Equity hires more expatriates in fresh executive shake-up

Equity Bank CFO John Staley during the bank’s Q3 results briefing in Nairobi on November 4, last year. Photo/Diana Ngila

What you need to know:

  • Equity Bank has appointed four new executives including three expatriates —Enrico Nora (general manager, mobile banking), Ron Reddick (executive director services) and Raphael Hukai (chief information officer).
  • Chief executive James Mwangi says latest changes to boost lender’s global position.

Equity Bank has increased the number of expatriate executives in the latest management shake-up at the lender.

The bank Wednesday announced the appointment of four new executives including three expatriates —Enrico Nora (general manager, mobile banking), Ron Reddick (executive director services) and Raphael Hukai (chief information officer).

This raises the number of Equity’s expatriate executives to five including the lender’s South African CFO, John Staley and the investment banking head, Jumaane Tafawa.

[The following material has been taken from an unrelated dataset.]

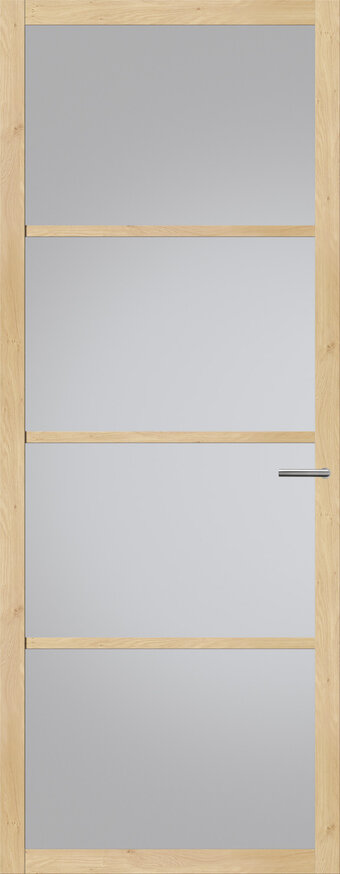 Binnendeur met glas NDB900 | Nova design | Licht eiken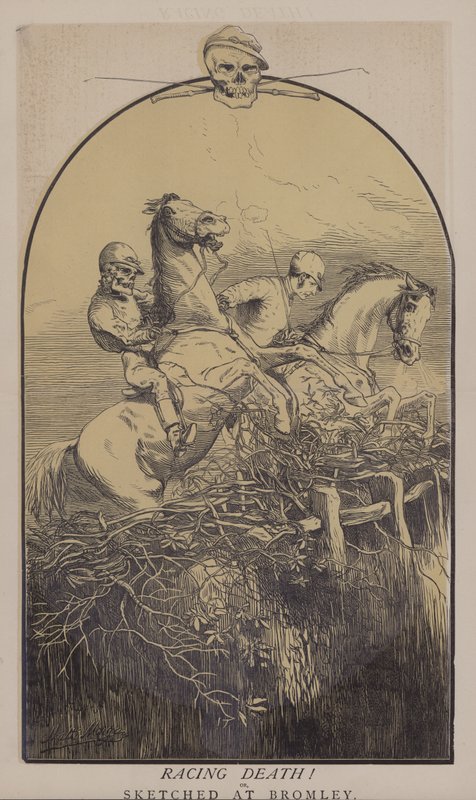 Racing død! (farve litho) af Matthew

This is a shift from Equity’s earlier strategy of hiring Kenyan executives from the diaspora and working for multinationals such as Standard Chartered Plc and France based BNP Paribas.

“We are not timid to go in the global market to look for people to help us exploit our competencies and we are now a global bank,” chief executive James Mwangi said Wednesday.

The bank has also tapped Reuben Mbindu as human resources director from Standard Chartered Bank where he held a similar position.

Mr Hukai joins the bank from IBM where he worked for 16 years as executive architect while Mr Nora was CFO of a division of NTT DOCOMO, Japan’s top mobile phone operator.

Other top banks including KCB, Co-operative and Barclays have preferred locals to man their executive suite. But NIC Bank, National Bank and Barclays have tapped Kenyans working abroad to steer their operations.

NIC in September hired John Gachora from Barclays Africa as managing director. Barclays got Jeremy Awori from Standard Chartered (Tanzania) while National Bank tapped Munir Ahmed Standard Chartered Bank in South Africa.

Hiring from international firms like Bank of America, Standard Chartered and Microsoft has been informed by Equity’s quest to deepen its presence in the corporate segment of the banking market.

This has led to the recruitment of professionals from the diaspora over the past five years, some of whom have already left the bank.

The changes come months after Equity realigned its executive suite following the exit of Samuel Makome, managing director of its Tanzania subsidiary, Samson Oduor (CFO), and finance director Collins Otiwu.

Mr Otiwu is now the chief financial officer at KCB Group where Mr Mukoma serves as the head of the bank’s Kenyan operations.

In the past seven years, Equity went to the low-end of market borrowers that traditionally has been considered a high risk venture and grew to become Kenya’s biggest bank by customer base and the second largest by assets.

Now it has trained its sights on the small, but highly lucrative, corporate debt market which has been dominated by a few banks with capitalisation required to offer big loans.

The bank has extended multi-billion shilling credit to firms like the Rift Valley Railways and Kenya Power.

Human capital has become the most sought after resource for market share growth in the local banking industry in which business ideas are being copied with speed, sparking a talent war.

Equity has followed the hiring of top executives from multinational firms with heavy investments in IT.

The bank has also inched closer to becoming a foreign lender as purchase of shares by investors outside Kenya nears the 50 per cent mark.

Regulatory filings show that foreign investors raised their stake in the bank to 49.36 per cent in November, up from 46 per cent in December 2012 and 40.82 per cent in October 2011.

This means that international investors now only need to buy shares equivalent to 0.64 per cent worth Sh787 million to own more than half of the bank, which would turn the lender into foreign-owned based on the Central Bank of Kenya classification.

Its share has shed 3.65 per cent over the past three months to Sh33.25.